Esto es lo que debe estar viviendo Santiago Peña en estos primeros días de gestión, a lo que se le ha sumado una crisis internacional con la Argentina, por la Hidrovía y por Yacyretá.
La cómoda mayoría que hoy tiene el gobierno en las dos Cámaras del Congreso le ha permitido aprobar en tiempo récord la creación de la Dirección Nacional de Ingresos Tributarios y del Ministerio de Economía y Finanzas, dos instituciones que fusionan diversas Secretarías ya existentes y que no afectan grandes intereses políticos.
Pero la creación de la Superintendencia de Pensiones, un pequeño primer paso imprescindible para comenzar un proceso de reforma de nuestro sistema jubilatorio, ya tiene fuerte oposición y su aprobación será complicada.
Observando el ambicioso programa de reformas enunciado por Peña durante la campaña electoral, como el del servicio civil, el de la salud y el de la educación, vemos que las mismas sí, tendrán grandes oposiciones dentro mismo del Partido Colorado, porque afectan su base de sustentación que son el clientelismo y el prebendarismo.
Ante esta realidad, el presidente tendrá que escoger cuáles batallas está dispuesto a librar y cuáles no.

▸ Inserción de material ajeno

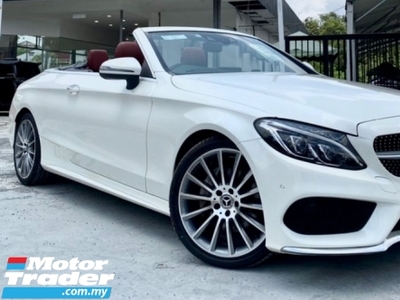 2018 MERCEDES-BENZ C-CLASS C180 Cabriolet Convertible AMG Turbo SoftTop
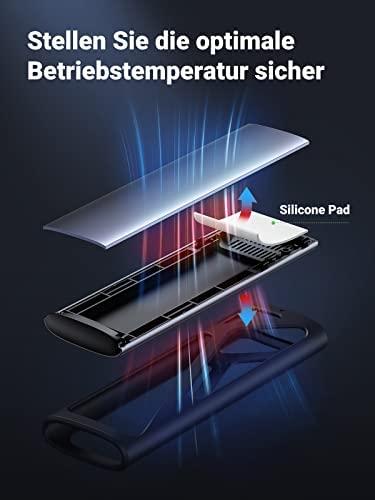 UGREEN CM400 M.2 SSD namas, NVMe, SATA, 10 Gbps, USB-C (šürke)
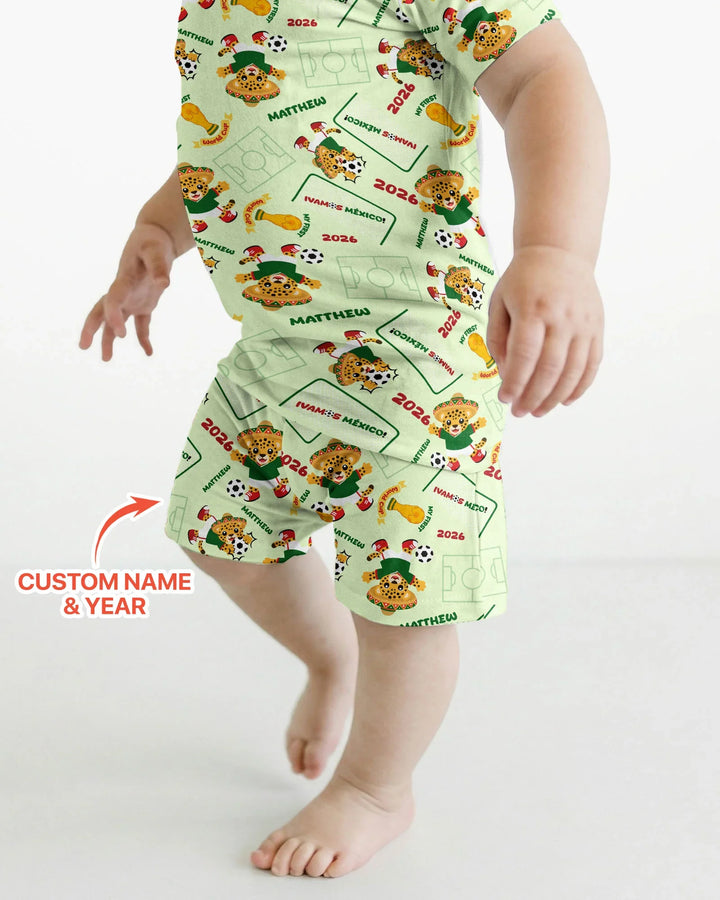 My First World Cup Bamboo Two Piece Short Sleeve Shorts Pajama Set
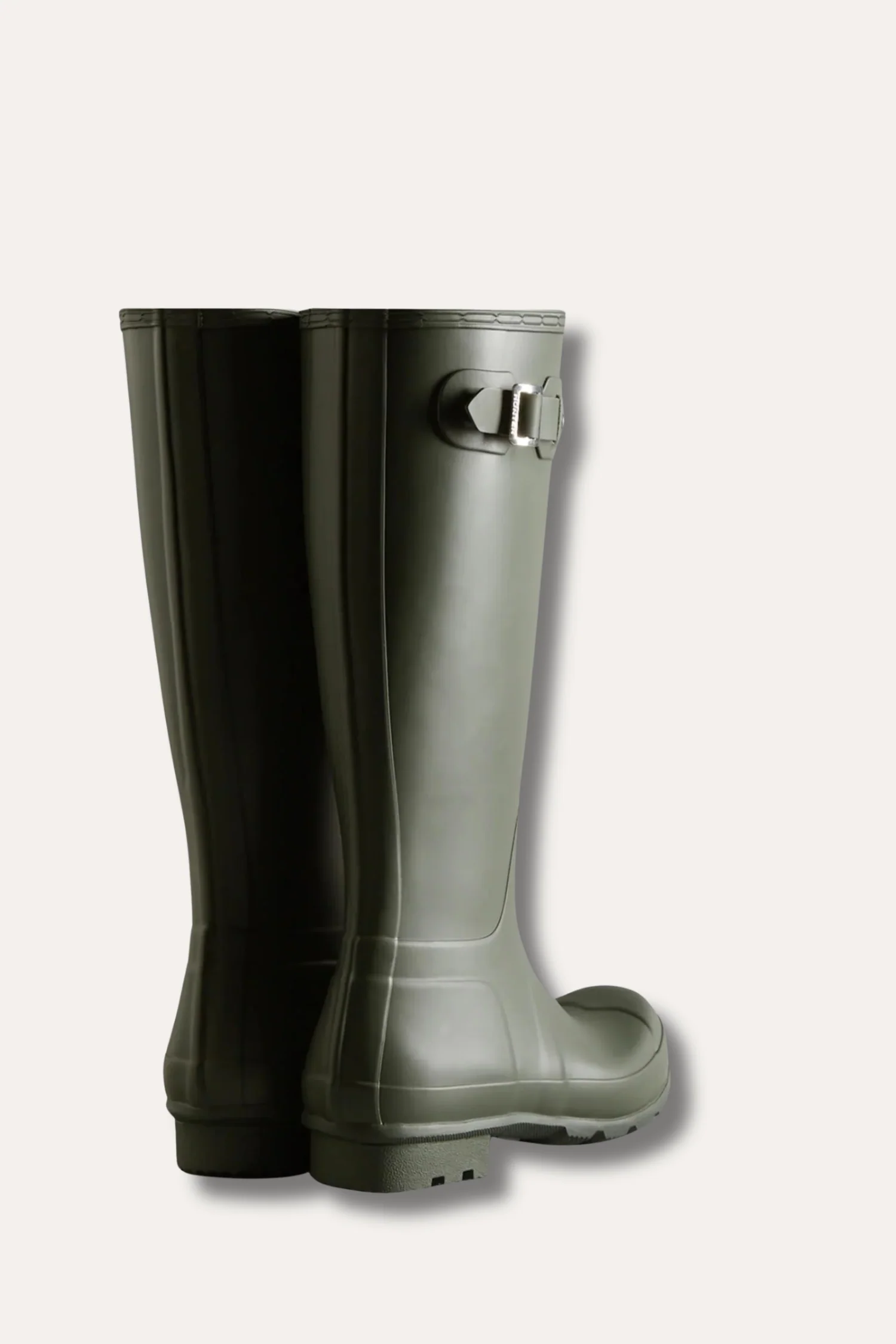 Women's Original Tall Wellington Boots- Dark Olive - Image 3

Para esa elección deberá evitar ser rehén de todas las promesas hechas en el fragor de la campaña electoral y analizar con pragmatismo cuáles promesas podrá dejar de lado sin afectar severamente su capital político.
Sumado a esto, existen dos grandes desafíos que el presidente anunció que él personalmente va a conducir: uno es la reforma del sistema educativo y el otro es la negociación del Anexo C.
Asumir personalmente la conducción de ambos complicados procesos, que tienen grandes posibilidades de estancarse por años y hasta de fracasar, pueden poner al presidente en el lugar del “fusible” que deba saltar ante un eventual fracaso.
La labor de un presidente, es un aprendizaje que solo se logra ejerciendo dicho cargo y en ese sentido hace mucho tiempo tuve la oportunidad de leer un artículo escrito por James Reston –un famoso periodista norteamericano del New York Times– comparando al presidente Jimmy Carter con Franklin Roosevelt.
Cuando era presidente Carter era joven, sano, trabajaba más de 14 horas y leía más de 200 páginas de informes por día; mientras que Roosevelt era un anciano, enfermo y mucho menos laborioso.
En esa comparación, Carter le ganaba en todo a Roosevelt, pero sentenciaba Reston “que en lo único que Roosevelt le superaba a Carter era en que sabía ser presidente”, sabía en qué batallas debía meterse y en cuáles no y sabía conseguir los apoyos políticos y de la opinión pública a sus iniciativas.
Esta anécdota de Carter y Roosevelt me parecía importante recordar en este momento en que el gobierno de Peña aún tiene mucho tiempo por delante y gigantescos desafíos que enfrentar para convertir las promesas de la campaña electoral en realidades concretas.
Y el mayor de los desafíos es, cómo manejará lo que no pueda llevar del dicho al hecho.